Y al salir de La Reforma, mi amigo y yo habríamos podido rematar en la cantina Montecarlo, que estuvo en frente, en la esquina del pretérito Colegio de la Caridad (al que ya nos hemos referido). De este último abrevadero existen muy pocas referencias. A caso la más notable sea la fotografía publicada en el libro La ciudad de los palacios, del sabio historiador Guillermo Tovar y de Teresa, que deja ver que en la esquina de este edificio –que durante el siglo XIX hospedó al icónico Teatro Colón (luego Cine Imperial) – estuvo el Montecarlo.
Mi amigo me sacude por el brazo, sacándome de golpe del marasmo en el que me hallaba fruto de mis ensoñaciones. Entonces giramos a la derecha, sobre la calle Bolívar. Al fondo, a la izquierda, en la siguiente cuadra, se ofrecen a nuestros ojos dos hitos del centro de la ciudad: el monumental Reloj Otomano y la provecta cantina el Gallo de Oro.

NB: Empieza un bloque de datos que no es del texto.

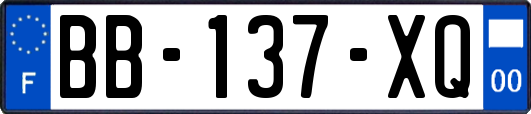 BB-137-XQ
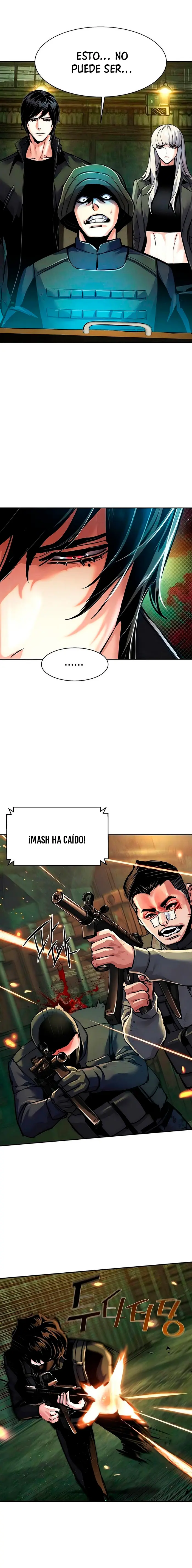 Read Teenage Mercenary Español Manga Online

En cuestión de segundos llegamos a la pequeña plaza que acoge al cronómetro morisco, conocida popularmente como Plaza de la Ranita y que antes se llamó Plaza del Colegio de Niñas.
Nos detenemos ahí –La Faena está a tan sólo unos pasos– y mientras miramos de frente al reloj, como telón de fondo un letrero luminoso que dice EL GALLO DE ORO. DESDE 1874, le cuento a mi amigo que, aunque no existe constancia, me gusta imaginar que Juan Rulfo –que hacia 1947 vivió muy cerca de aquí, en una buhardilla de la calle Filomeno Mata número 17– ideó en esta placita, mirando hacia el sur, como ahora lo estamos haciendo nosotros, dos de los títulos de sus libros: El gallo de oro, por la cantina, y Una estrella junto a la luna, por la medialuna y la estrella, símbolo del islam y escudo del imperio otomano, que se haya en la veleta de la cúpula de este reloj turqués.
“!No marches¡, Una estrella junto a la luna –glosa e interrumpe mi versado amigo– fue el primer título tentativo que Rulfo formuló para su novela Pedro Paramo, en cuyas páginas, por cierto, puede leerse acerca del cielo de Comala: ‘[…] negro, lleno de estrellas. Y junto a la luna, la estrella más grande de todas’”. La noche se está volviendo enorme y La Faena nos espera con los tequilas abiertos.